**Your objective**. Retype every line from the one containing "西瓜创作：全面解析创作技巧、灵感来源与市场趋势，助力创意内容产出" through the last line of the records below, both included; leave out the pictures.

**Dataset excerpts**.
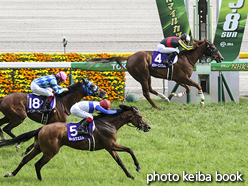 カラープリント(アルミ枠付き)2016年5月8日東京11R NHKマイルカップ(成績)(メジャーエンブレム)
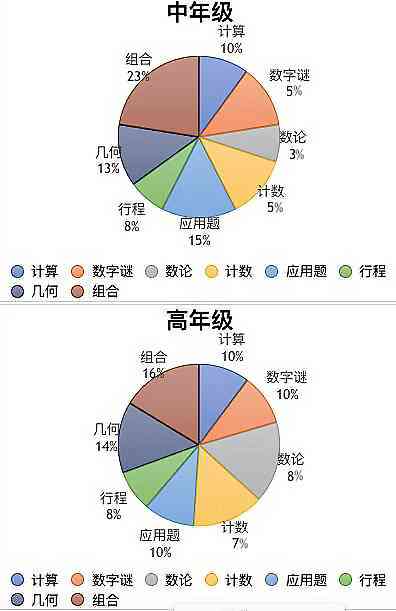 西瓜创作：全面解析创作技巧、灵感来源与市场趋势，助力创意内容产出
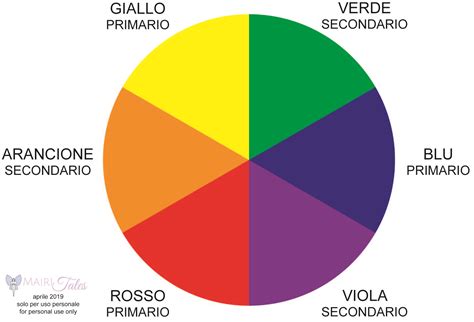 schema cromatico con suggerimenti di sfumature pastello per il viso e il corpo di un neonato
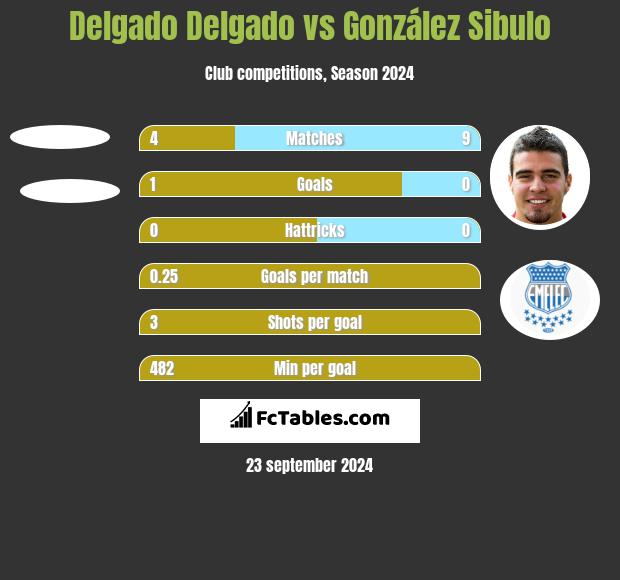 Delgado Delgado vs González Sibulo h2h player stats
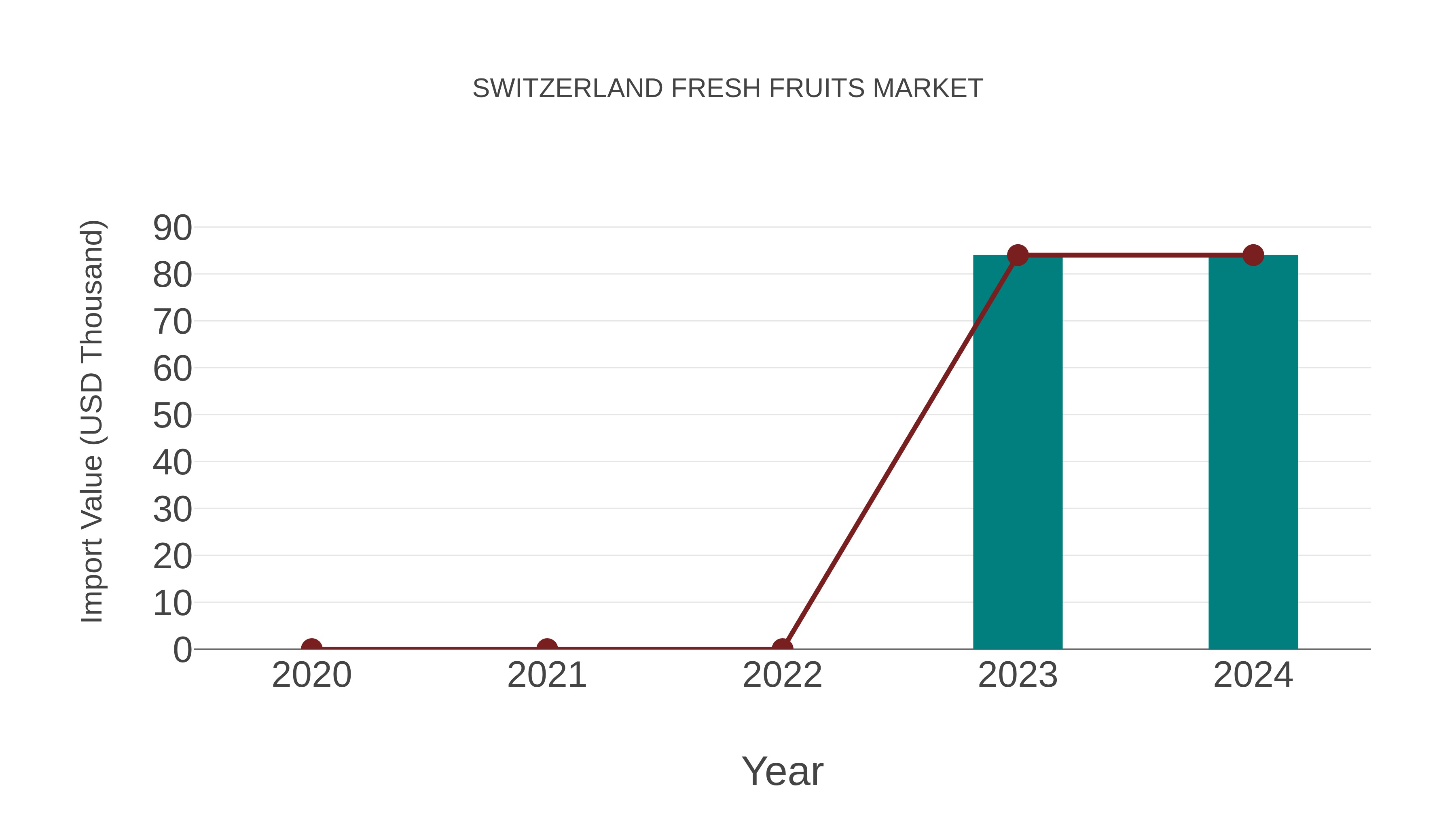 switzerland fresh fruits market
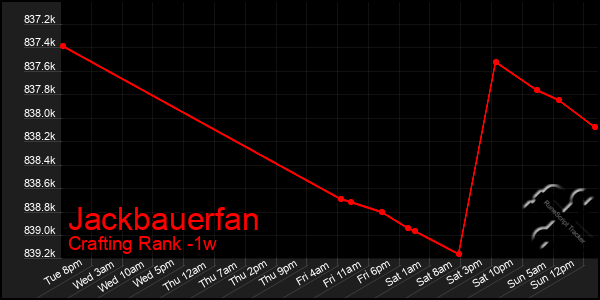 Last 7 Days Graph of Jackbauerfan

**Solution to this task**.
 西瓜创作：全面解析创作技巧、灵感来源与市场趋势，助力创意内容产出
 schema cromatico con suggerimenti di sfumature pastello per il viso e il corpo di un neonato
 Delgado Delgado vs González Sibulo h2h player stats
 switzerland fresh fruits market
 Last 7 Days Graph of Jackbauerfan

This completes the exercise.